Сам Толстой бывал у Николая Алексеевича, и мне приходилось его видеть и слышать в простой, семейной обстановке.
Толстой тогда писал об искусстве, требуя от него добрых, христианских начал.
Попутно скажу о своем впечатлении от Льва Николаевича.
Один раз на рождестве, при закрытии ученической выставки, в опустевший зал вошел старик-крестьянин в полушубке и попросил разрешения осмотреть выставку.
— Толстой! — пронеслось среди учащихся, бывших на выставке, и все бросились за ним.
Лев Николаевич был необычайно приветлив, удивительно прост и сердечен в обращении с нами, учениками, старался не высказывать своего мнения, очевидно, чтобы не давить нас своим авторитетом, и больше выведывал наше мнение, наши взгляды на искусство.
И удивительное дело: гений, личность огромной величины — он умел сразу так близко подойти к нам, малым людям, и слиться с нами в общих интересах, что мы забывали про его величие, увидев в нем родственную, человеческую натуру и понимающего нас художника, величие которого нас не пугало.
Подошли мы к одной картине, мастерски, в духе Фортуни, написанной на библейскую тему.
— Это что? Это зачем? — почти вскрикнул Толстой.
Один из учеников заметил:
— Почему вам, Лев Николаевич, не нравится картина? В ней богатая техника.
— Техника? А что такое техника? — переспросил Толстой.

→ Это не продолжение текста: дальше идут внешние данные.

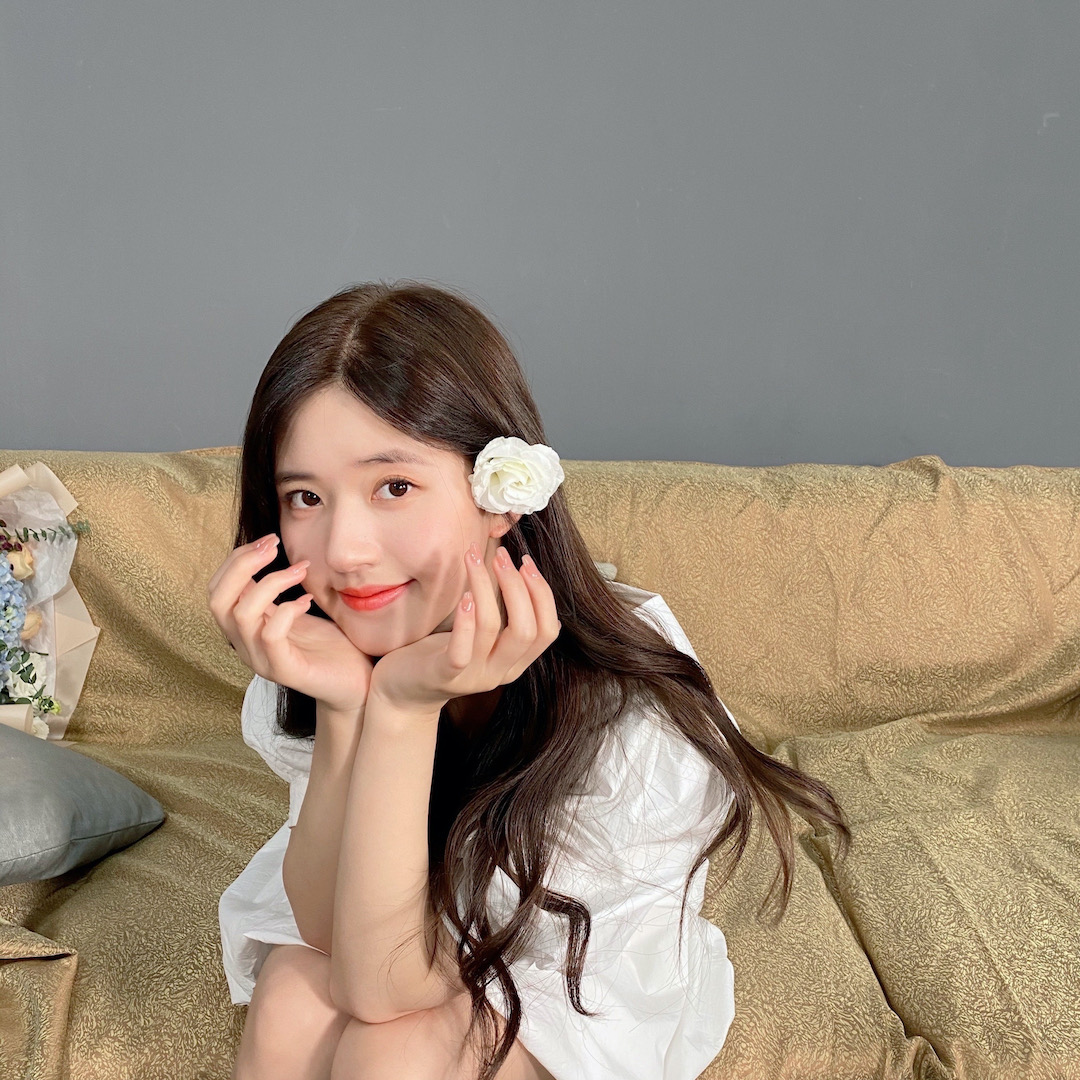 圆脸但脸小发量多女生适合的发型,圆脸女孩扎什么发型才能显脸小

Ученик нашелся и отпарировал вопрос:
— Что такое техника — это вы, Лев Николаевич, прочитайте в ‘Анне Карениной’ объяснение художника Михайлова.
Лев Николаевич весело рассмеялся.
— Забыл, забыл, — говорит, — давно читал!
В другой раз, когда я уже заведовал передвижной выставкой, в момент ее закрытия подходит к кассе Толстой в сопровождении художника-Пастернака и просит у кассира пропуск на выставку.
— У нас, — говорю, — ученики и учителя не платят за посещение выставки.
— Знаю, знаю, у передвижников это так, — соглашался Толстой.— Ну я и проберусь учеником, учеником…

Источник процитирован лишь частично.